Situado en la fortaleza de Dalt Vila, declarada Patrimonio de la Humanidad, el Parador representa una de las intervenciones de rehabilitación patrimonial más complejas realizadas en España. El proyecto fusiona arquitectura histórica con un diseño contemporáneo que integra arte, confort y el paisaje mediterráneo en cada uno de sus espacios. La propuesta busca conectar el entorno ibicenco con la memoria constructiva del edificio, creando un lugar que funciona también como espacio de interpretación histórica, envuelto en una atmósfera de calma, elegancia y sofisticación. Con esta apertura, el nuevo Parador propone una manera renovada de vivir el turismo en Ibiza, donde historia, patrimonio y diseño conviven en un nuevo referente hotelero. La fortaleza de Dalt Vila constituye uno de los complejos monumentales más significativos del Mediterráneo. Este enclave refleja más de dos mil años de historia, con capas constructivas que corresponden a distintas etapas culturales y arquitectónicas. Su conversión en hotel supuso un desafío considerable: no solo requería una restauración extremadamente cuidadosa, sino también una integración respetuosa de los restos arqueológicos —desde huellas fenicias hasta elementos islámicos y renacentistas— dentro del propio discurso espacial del establecimiento.

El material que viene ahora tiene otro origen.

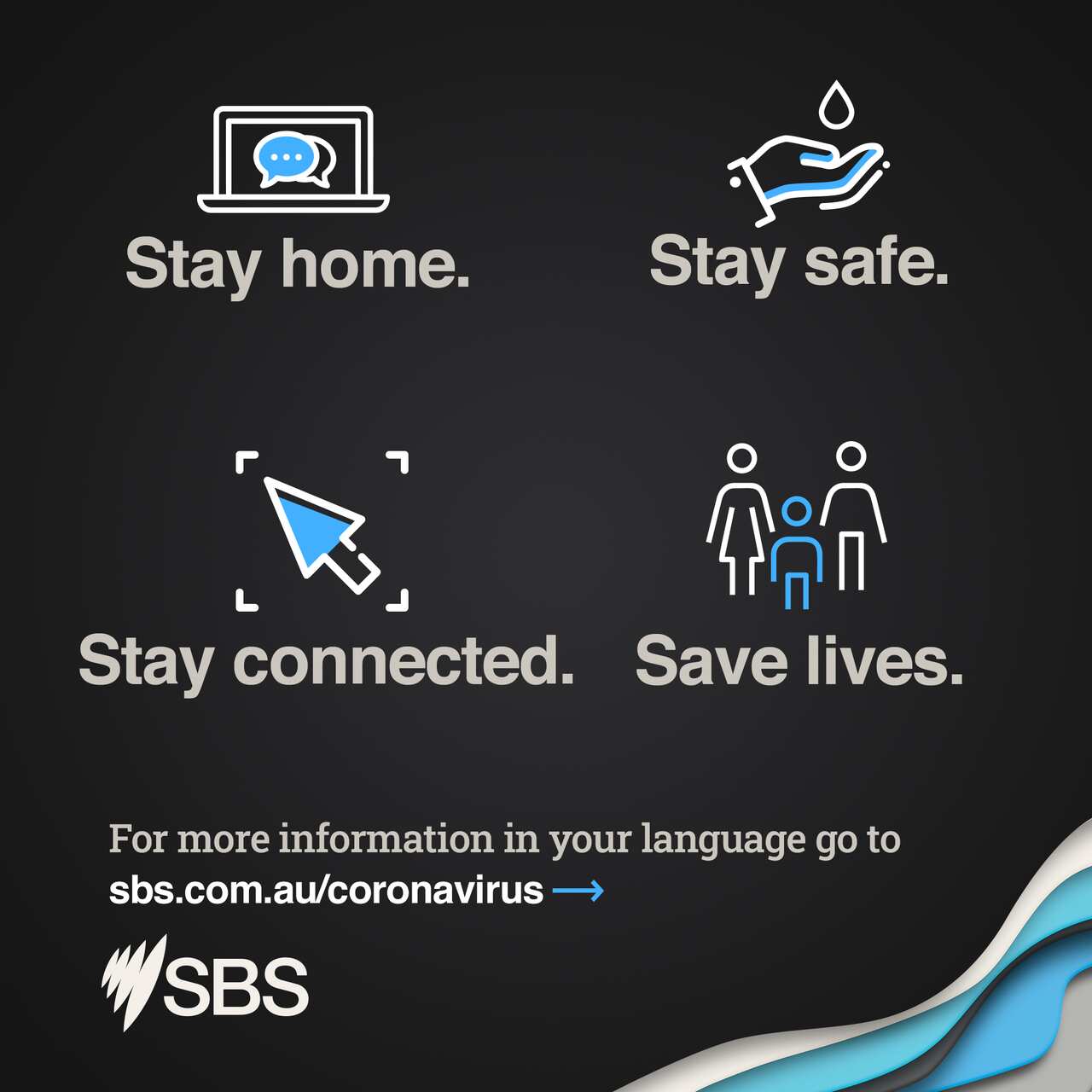 Coronavirus (COVID19) infographic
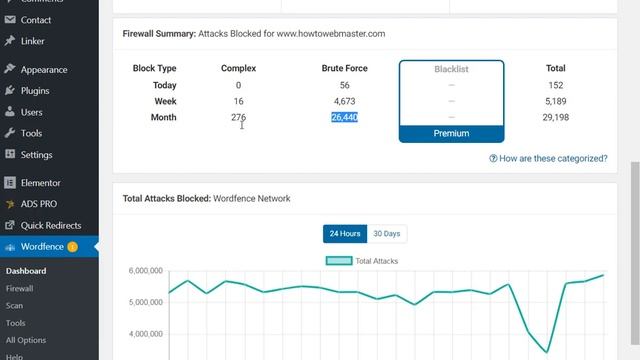 Keep Your Wordpress SAFE! FREE PLUGIN Anti-Virus+Malware+Firewall смотреть онлайн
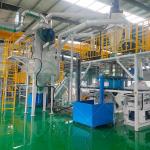 High Capacity Mobile Li Ion Battery Recycling Plant for Waste Cells in Electric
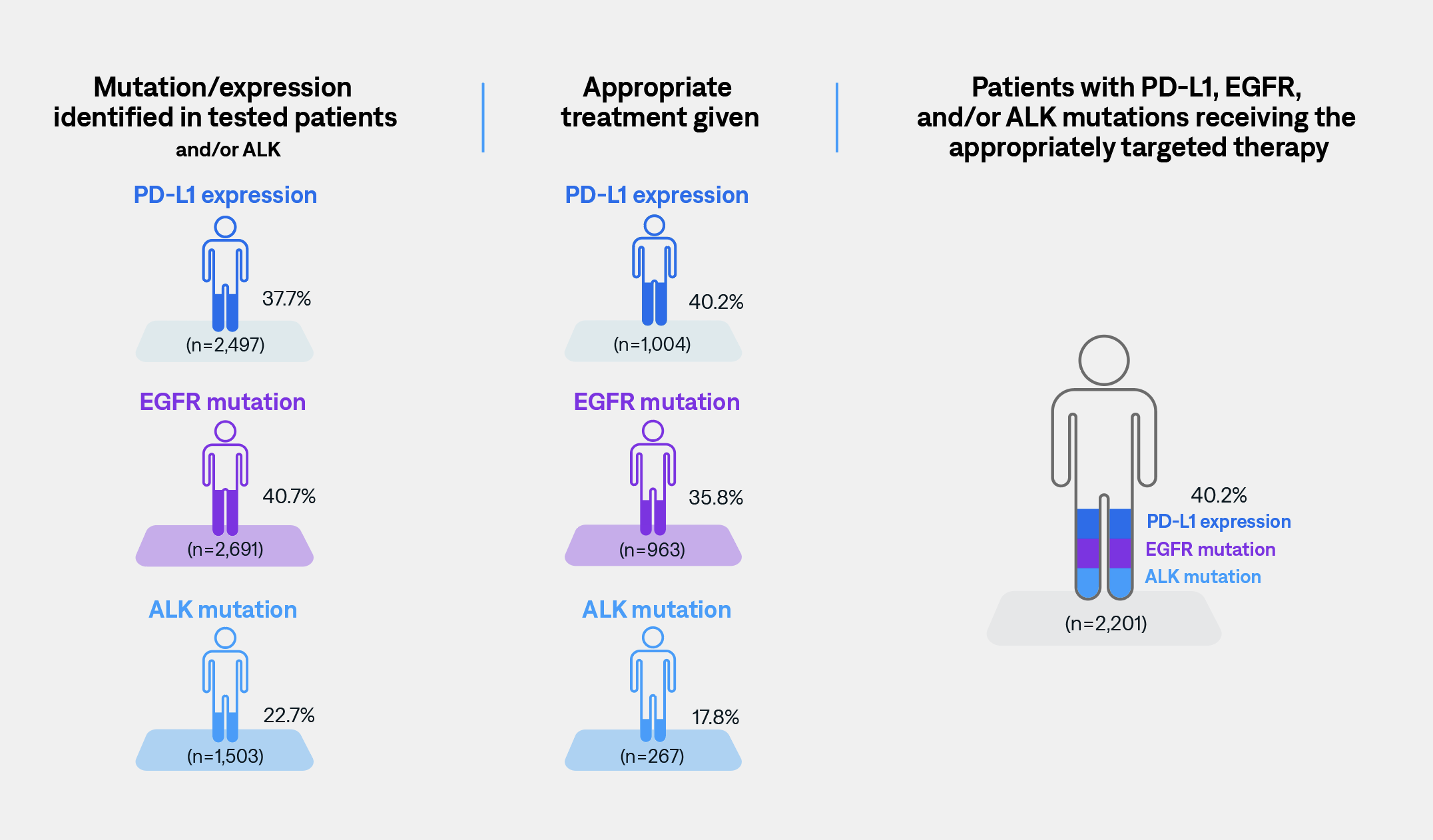 Many patients with confirmed actionable mutations are not receiving the appropriate targeted therapy.
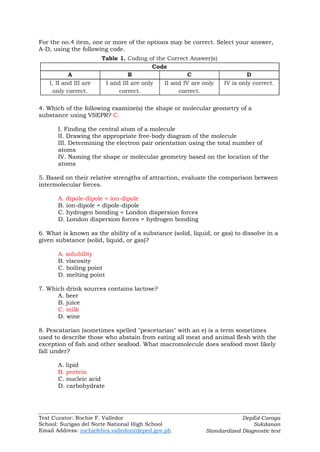 Test Curator: Rochie F. Valledor
School: Surigao del Norte National High School
Email Address: rochiefebra.valledor@deped.gov.ph
DepEd-Caraga
Sukdanan
Standardized Diagnostic test
For the no.4 item, one or more of the options may be correct. Select your answer,
A-D, using the following code.
4. Which of the following examine(s) the shape or molecular geometry of a
substance using VSEPR? C.
I. Finding the central atom of a molecule
II. Drawing the appropriate free-body diagram of the molecule
III. Determining the electron pair orientation using the total number of
atoms
IV. Naming the shape or molecular geometry based on the location of the
atoms
5. Based on their relative strengths of attraction, evaluate the comparison between
intermolecular forces.
A. dipole-dipole < ion-dipole
B. ion-dipole = dipole-dipole
C. hydrogen bonding < London dispersion forces
D. London dispersion forces = hydrogen bonding
6. What is known as the ability of a substance (solid, liquid, or gas) to dissolve in a
given substance (solid, liquid, or gas)?
A. solubility
B. viscosity
C. boiling point
D. melting point
7. Which drink sources contains lactose?
A. beer
B. juice
C. milk
D. wine
8. Pescatarian (sometimes spelled "pescetarian" with an e) is a term sometimes
used to describe those who abstain from eating all meat and animal flesh with the
exception of fish and other seafood. What macromolecule does seafood most likely
fall under?
A. lipid
B. protein
C. nucleic acid
D. carbohydrate
 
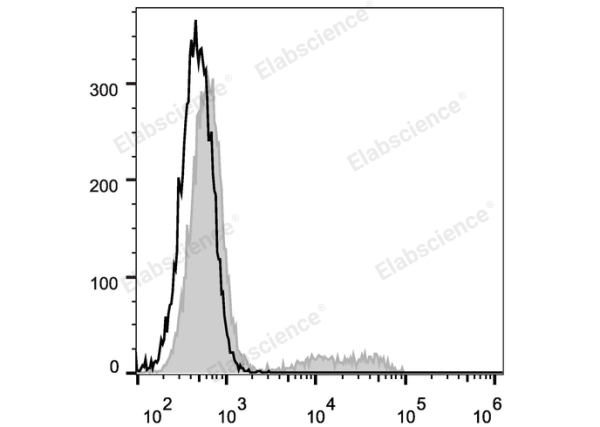 PerCP/Cyanine5.5 Anti-Human CD24 Antibody[ML5] (E-AB-F1147J)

Los espacios interiores han sido diseñados con gran atención al detalle, combinando materiales contemporáneos de alta calidad con texturas y acabados que evocan la piedra, la luz, la artesanía y los tonos característicos del Mediterráneo. El cuidado tratamiento de la luz natural —intensa y cambiante, como la propia isla— junto con una paleta cromática cálida y una selección de mobiliario elegante y funcional, generan una atmósfera serena y sofisticada, siempre respetuosa con el valor histórico del lugar. El hotel se distribuye en cinco edificios integrados en el recinto de la fortaleza y cuenta con 66 habitaciones que ofrecen una experiencia de alojamiento singular en la isla. Muchas de ellas disfrutan de vistas espectaculares, ventilación natural y materiales que aportan calidez, además de soluciones técnicas pensadas para garantizar el confort sin alterar la esencia histórica del conjunto. Los espacios comunes —restaurante, cafetería, salones, zona wellness, piscina exterior y solárium— han sido concebidos como lugares de encuentro abiertos tanto a la ciudad como a los visitantes, conectándose con la vida urbana y social de Dalt Vila y del resto de Ibiza. Uno de los rasgos más singulares del Parador de Ibiza es su apuesta por la “musealización” del patrimonio. En su interior se pueden contemplar restos arqueológicos descubiertos durante las obras, así como elementos pertenecientes a distintas fases históricas de construcción y ocupación del castillo. Esta integración museográfica no solo enriquece la estancia de los huéspedes, sino que convierte al Parador en un espacio de interpretación histórica donde pasado y presente conviven de forma permanente. Para lograr este equilibrio, REQUENA Y PLAZA trabajó en estrecha colaboración con los equipos de Paradores, desarrollando soluciones que permitieran integrar piezas de mobiliario patrimonial dentro del conjunto. El resultado es un establecimiento que, además de ofrecer servicios turísticos de primer nivel, propone una experiencia cultural que amplía el concepto de turismo vinculado al patrimonio.
La propuesta estética parte de un principio claro: respetar la arquitectura histórica del castillo de Dalt Vila sin competir con ella. El objetivo ha sido crear ambientes tranquilos, luminosos y elegantes, conectados con el paisaje ibicenco y con la memoria constructiva del edificio, dando lugar a espacios contemporáneos impregnados de historia. Desde REQUENA Y PLAZA explican que el diseño interior del Parador de Ibiza busca ser atemporal, respetuoso y evocador de la tradición artesanal local y del espíritu mediterráneo. La decoración no pretende imponerse al entorno, sino acompañarlo y resaltarlo, con una estética refinada y sobria inspirada en la luz blanca de la isla, en su arquitectura tradicional y en la elegancia discreta del conjunto monumental. Todo ello con la intención de crear un proyecto donde el confort actual y la sensibilidad hacia el patrimonio convivan de manera natural.